Howto remove repeated text from filtered feed?

Looking at the standard site_config folder I saw that one of my favourite feeds (http://www.anandtech.com/rss/) was profiled however the profile is from Instapaper and contains a directive that isn’t supported by FTR (next_page_link) and consequently the filtered feed only shows the first page of the multi-page articles.

So I did a little work and developed the site_config below using single_page_link but there is a frustrating problem in the sites “PRINT THIS ARTICLE” code - it displays the feed description as well as the article, because the feed description is repeated in the article the result is a duplicated section at the beginning of the filtered feed.

I’ve tried to work around with “body: substring-after(//div, ‘Page 1’)” but that doesn’t appear to be evaluated.
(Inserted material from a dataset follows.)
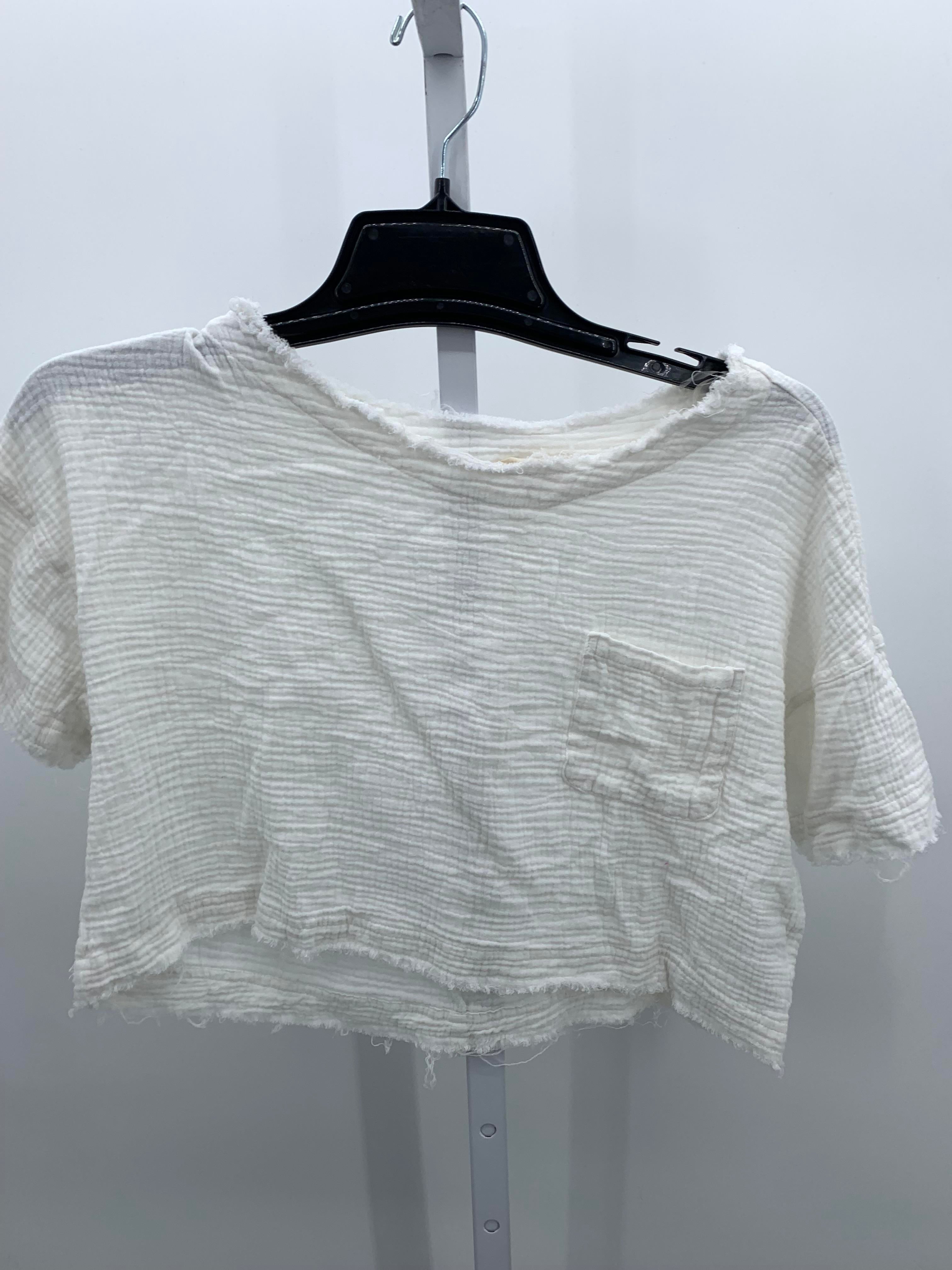 Size Medium Juniors Short Sleeve Shirt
In NPP with XPatherizerNPP it evaluates to the string beginning at the first page of the article (eliminating the description from the feed).

Any suggestions of alternative methods to acomplish the goal of eliminating the chunk of repeated text (in the test URL that’s everything before “It Was a Monster Mash…”)?
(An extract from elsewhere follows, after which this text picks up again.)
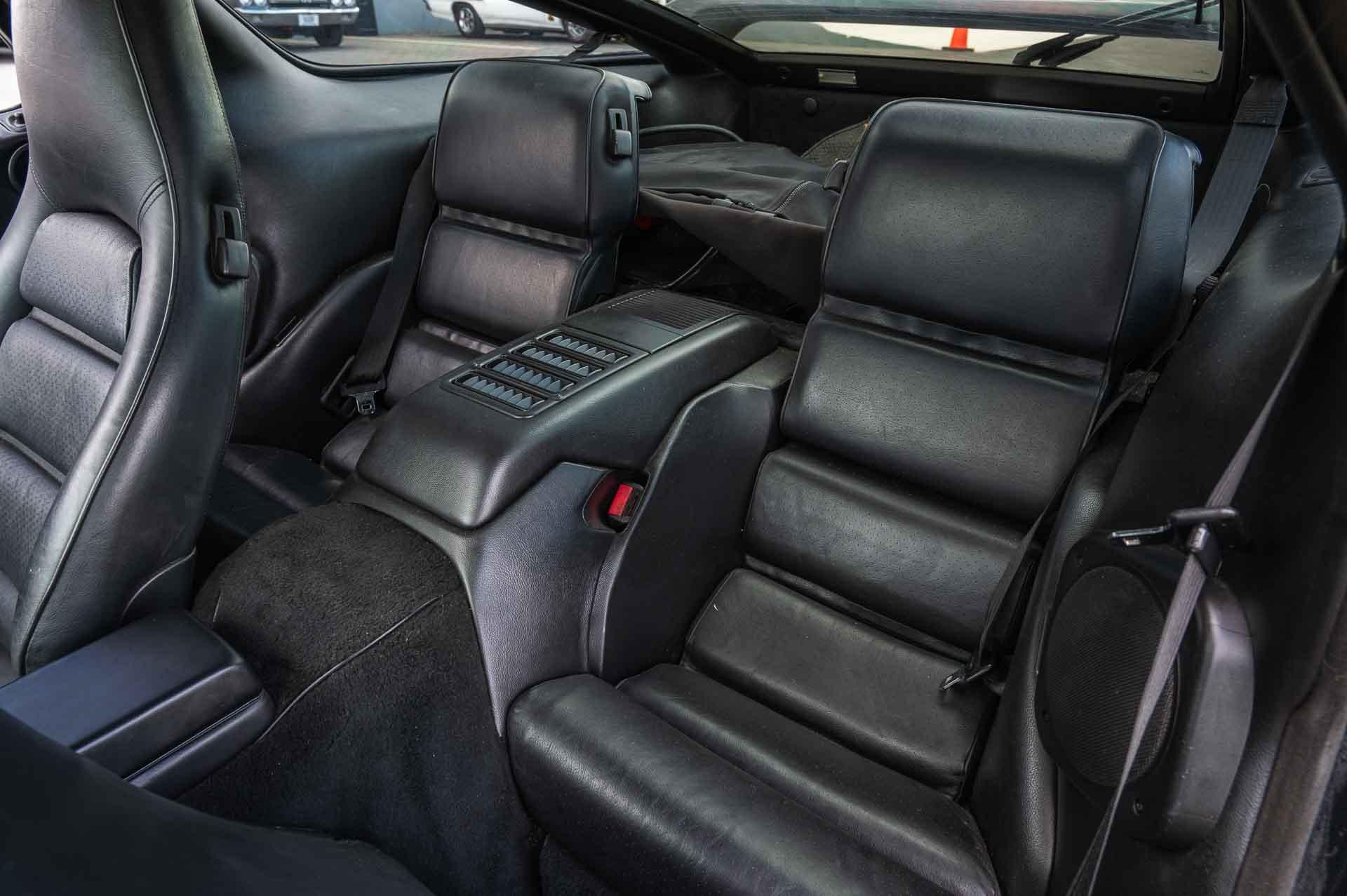 1988 Porsche 928 S4 48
full-text-rss/site_config/custom/anandtech.com.txt

single_page_link: concat(‘http://www.anandtech.com/print/’, substring-after(//meta[@property=‘og:url’]/@content, ‘/show/’))
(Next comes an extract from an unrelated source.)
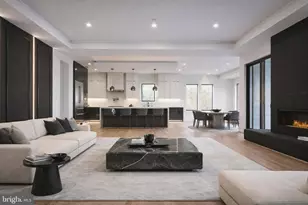 2447 Flint Hill Rd, Vienna, VA 22181 - Photo 4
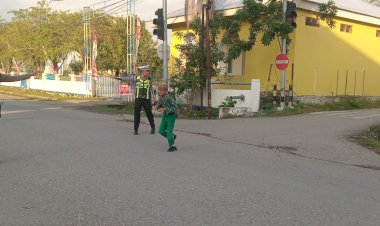 Langkah-Tulus-di-Pagi-Hari,-Satlantas-Polres-Malaka-Hadir-Menjaga-Keselamatan-dan-Mengantar-Harapan-Anak-Bangsa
author: //a[@class=‘b’][1]
date: substring-after(substring-before(//div, ‘Posted in’), ’ on ')
strip: //h2
strip_image_src: /content/images/globals/

test_url: http://www.anandtech.com/show/5812/eurocom-monster-10-clevos-little-monster/

Ian, thanks a lot for this.

These things can get a little tricky at times, and usually more than one way to do it. :slight_smile:

Here’s what I’d suggest:

Replace your strip: //h2 line with

strip: //h2[contains(., ‘Page 1’)]/preceding::stuck_out_tongue:
strip: //h2

All the strip expressions are evaluated in the order they appear, usually that’s not important, but in this case it does matter.

Hope that helps.

Quick update: in case the site publishes articles with 10 pages or more, better to use:

strip: //h2[. = ‘Page 1’]/preceding::stuck_out_tongue:

My previous suggestion with contains() would match Page 10.

Keyvan,

What can I say - that is exactly the outcome I was looking for - perfect, thank you. I’m going to have to pick up a good book on Xpath and find out more of those “other ways” :wink:

Ian

Ian B

Glad to hear it! :slight_smile:

Word of warning, though: many books and online references cover XPath 2.0. PHP does not yet, as far as I know, support XPath 2.0, so if you do look anything up, make sure it’s XPath 1.0 compatible.